## [What to do]
Please copy exactly the part of the records below that opens with the line containing "giwang perak 925" and closes with the line containing "Clóset 4 columnas", leaving out any pictures.
* * * * * * *
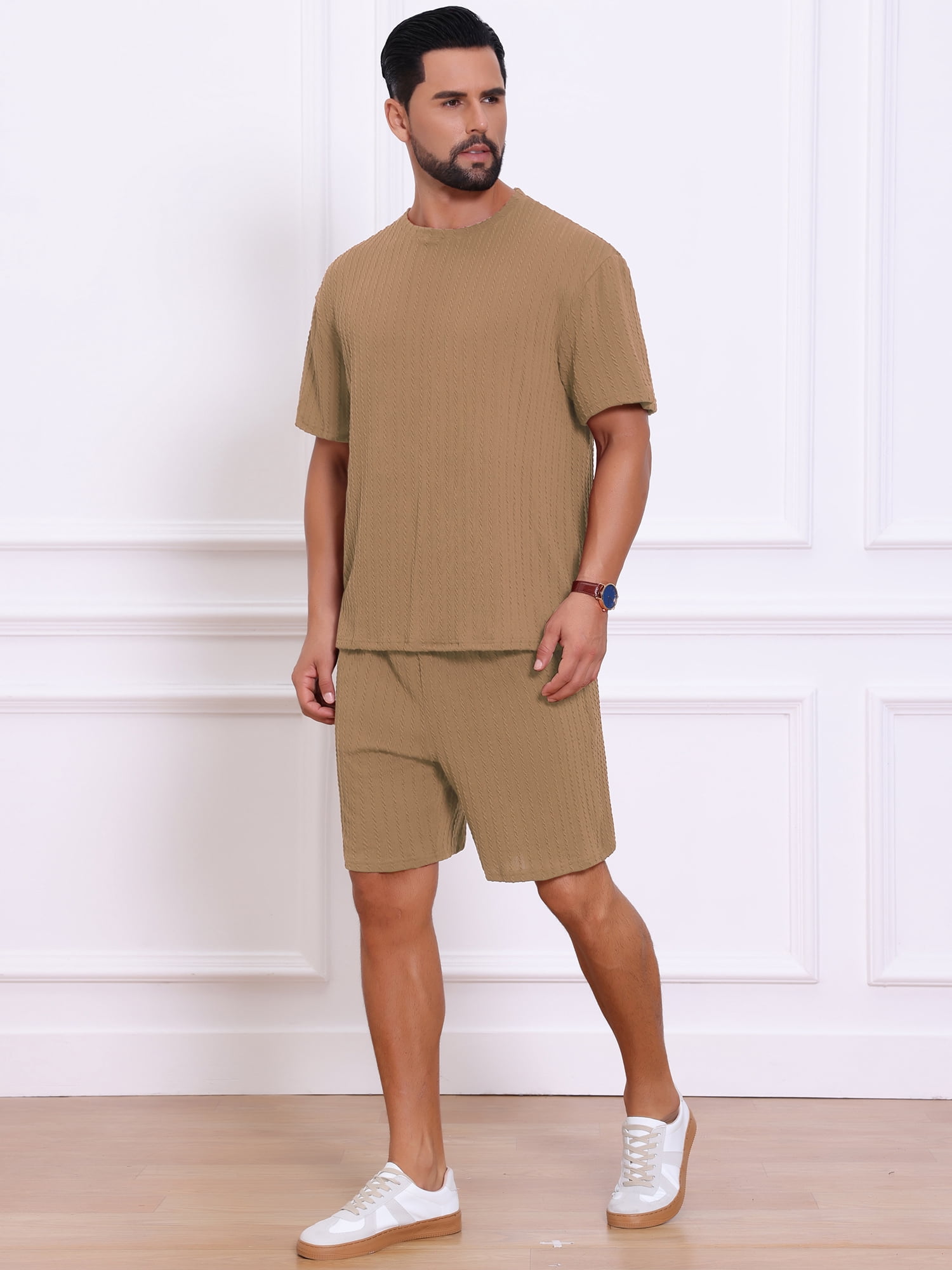 DARING DIVA Men's 2 Pieces Texture Crew Neck Shirt Top and Shorts Outfits 2XL Brown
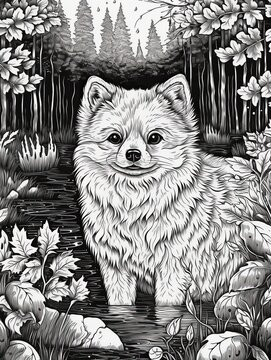  AI generated.Antistress coloring book for adults. Yorkshire terrier in the flower field Generative AI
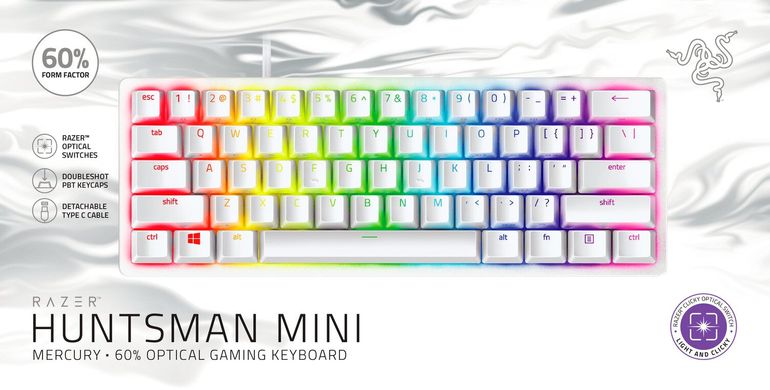 Механічна клавіатура Razer Huntsman Mini Mercury Ed. Red Switch US Layout USB RGB White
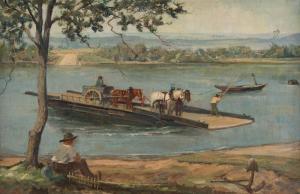 SÜNNEN Josef 1896-1969,Ferry crossing a river,1939,Hargesheimer Kunstauktionen DE 2018-09-22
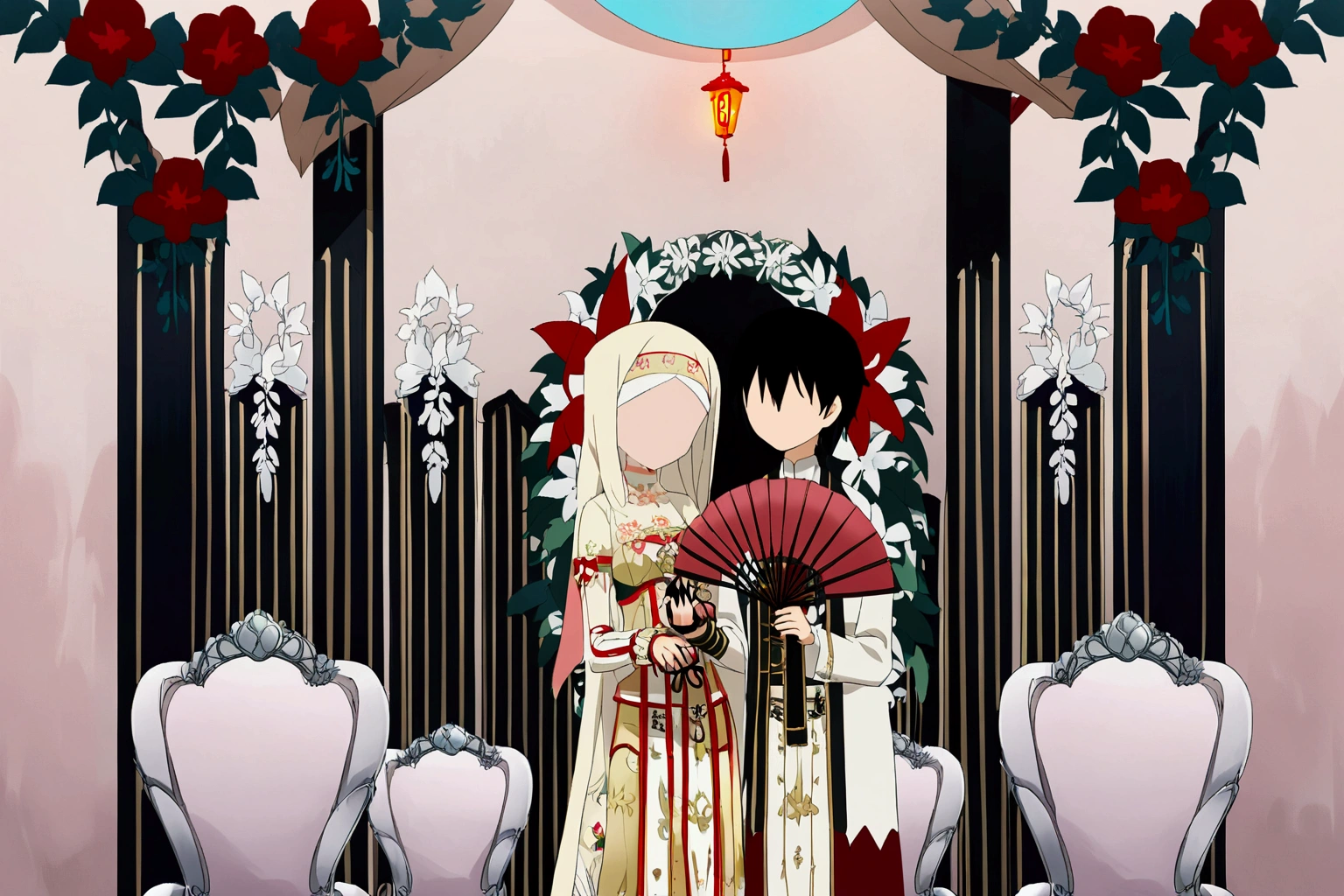 Faceless, hijab, anime style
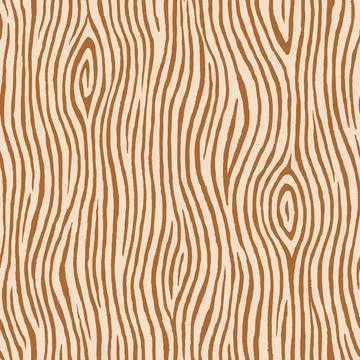 Seamless Wood Grain Vector Pattern with Organic Curving Lines Stockillustratie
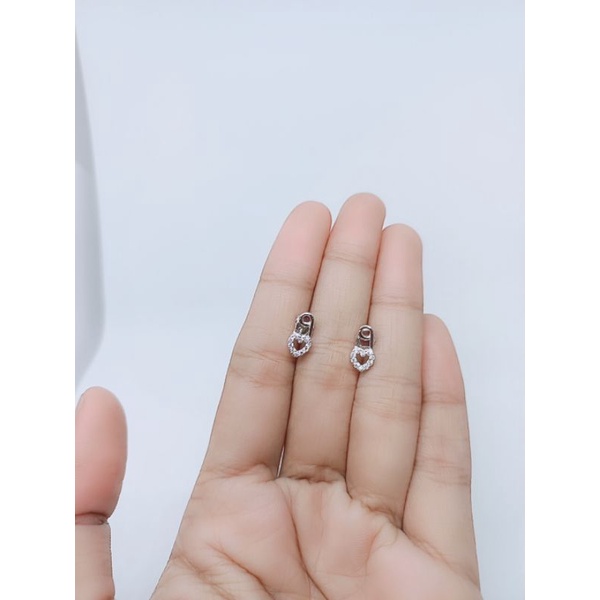 giwang perak 925 asli lapis emas giwang model gembok mp corr giwang fashion impor silver925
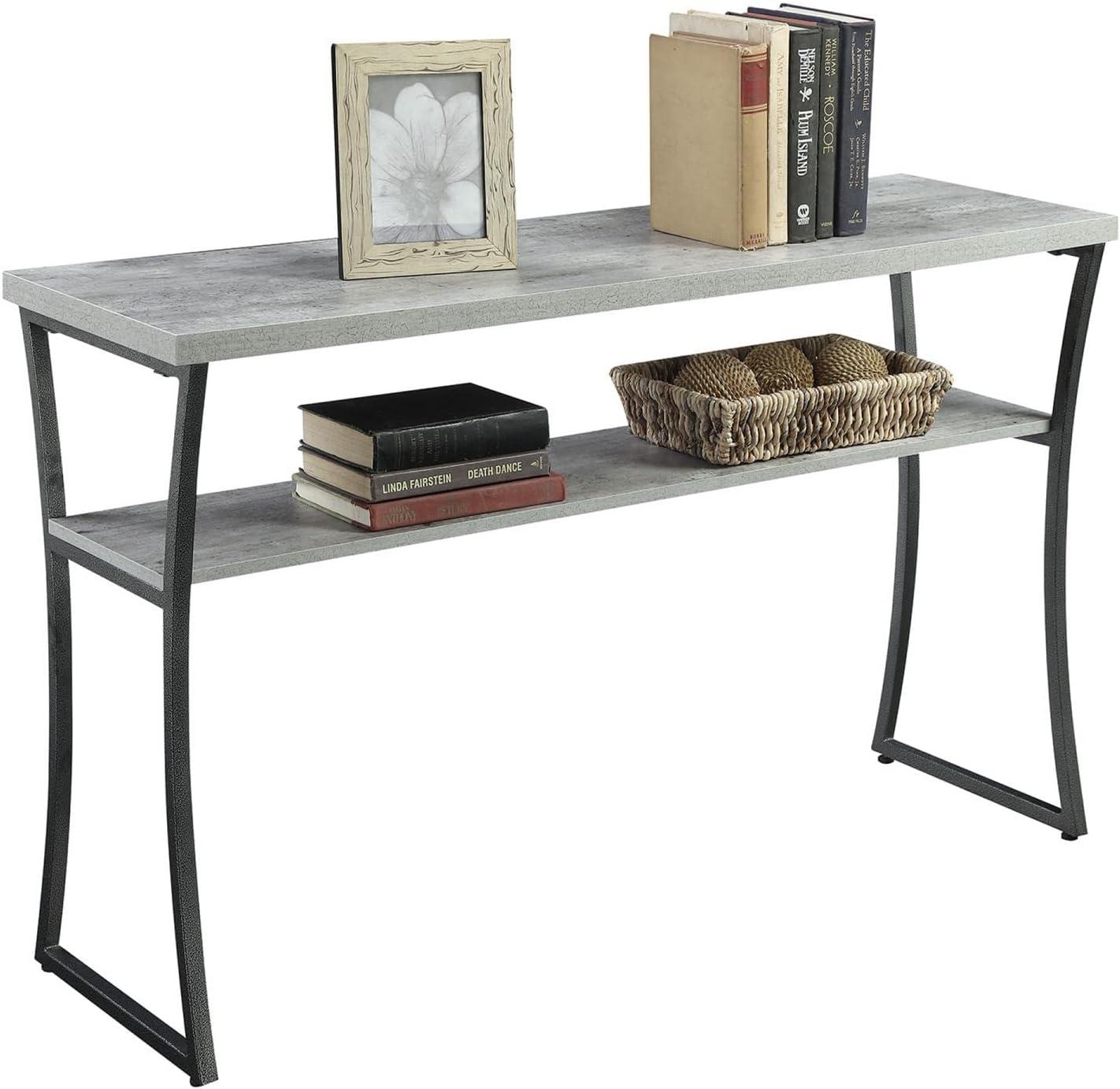 Modern Faux Birch and Slate Gray Metal Console Table with Storage Shelf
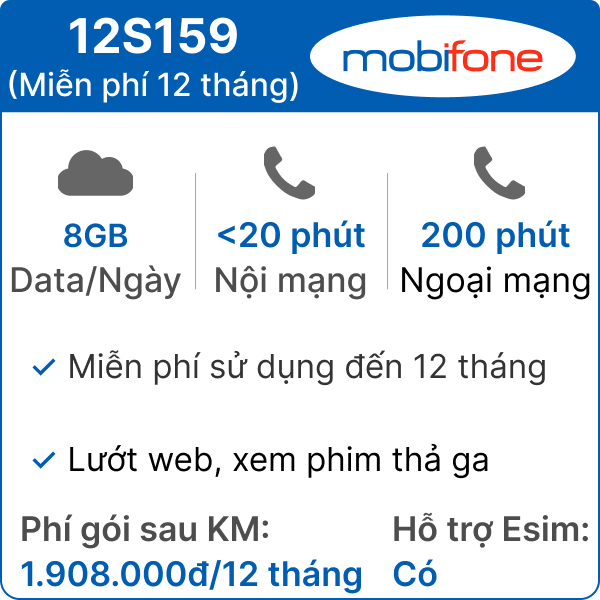 Sim 4G Mobifone 12S159 8GB/ngày có nghe gọi - 12 tháng (Thành phẩm)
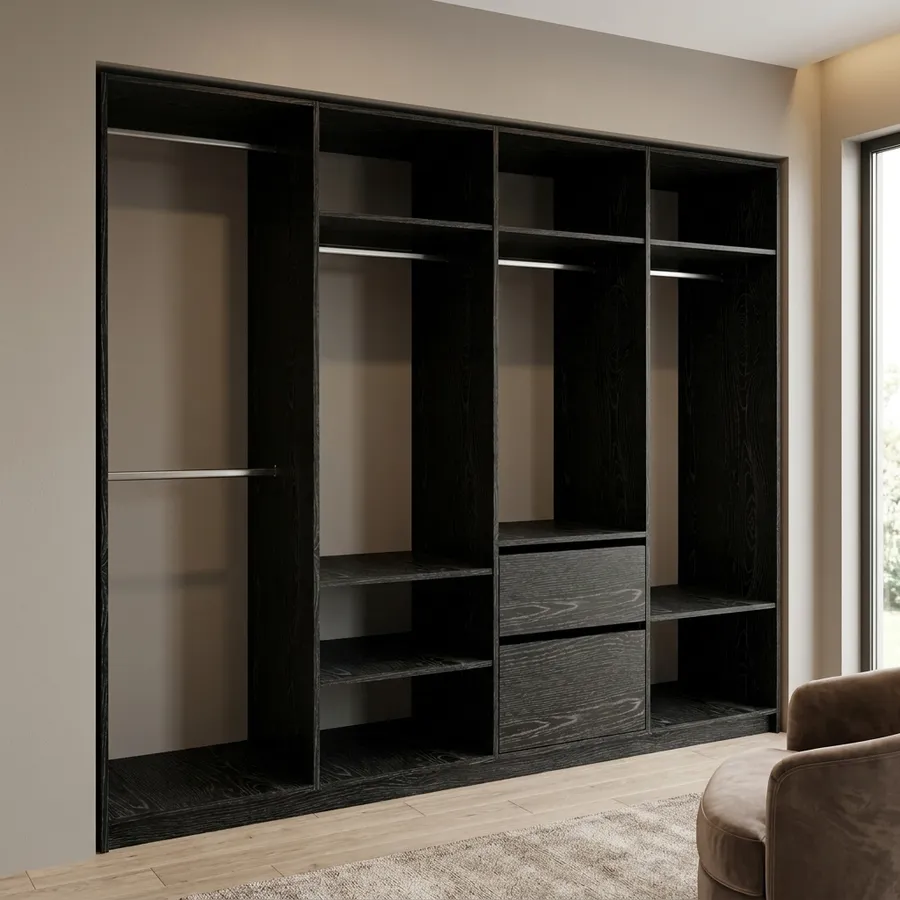 Clóset 4 columnas · 4 para colgar (1 doble) · 2 cajones · 240 cm · Roble Negro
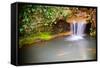 Waterfall Spilling into Coy Fish or Goldfish Pond-Rob Hainer-Framed Stretched Canvas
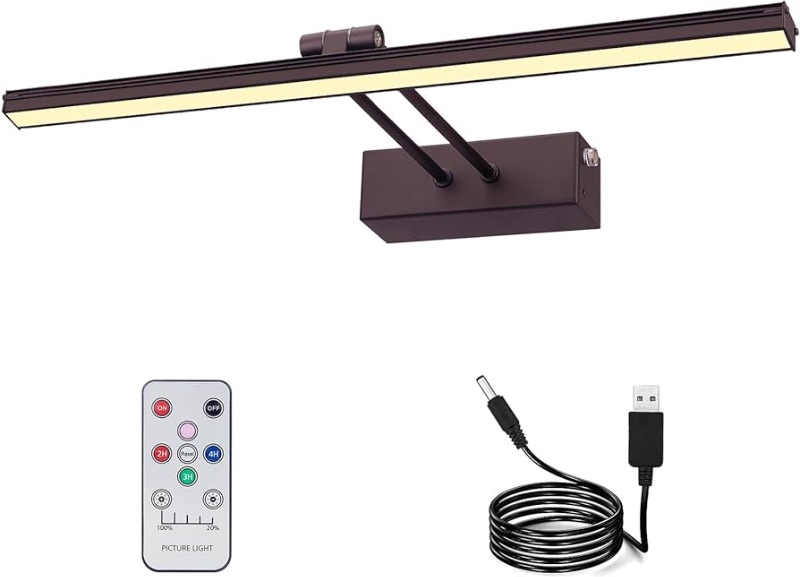 Photo 1 of **NON-REFUNDABLE, PARTS ONLY** FUNCHDAY Picture Light,5000mAh Battery Operated Picture Light for Wall,Wireless Remote Painting Light with Timer and Dimmable,16”Metal Art Light for Display,Artwork,Portrait,Gallery-Bronze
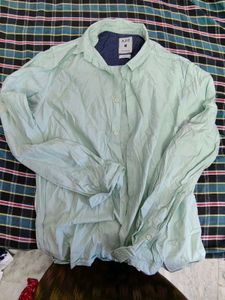Ajio Light Green Casual Shirt size M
* * * * * * *
## [Answer to this problem]
 giwang perak 925 asli lapis emas giwang model gembok mp corr giwang fashion impor silver925
 Modern Faux Birch and Slate Gray Metal Console Table with Storage Shelf
 Sim 4G Mobifone 12S159 8GB/ngày có nghe gọi - 12 tháng (Thành phẩm)
 Clóset 4 columnas · 4 para colgar (1 doble) · 2 cajones · 240 cm · Roble Negro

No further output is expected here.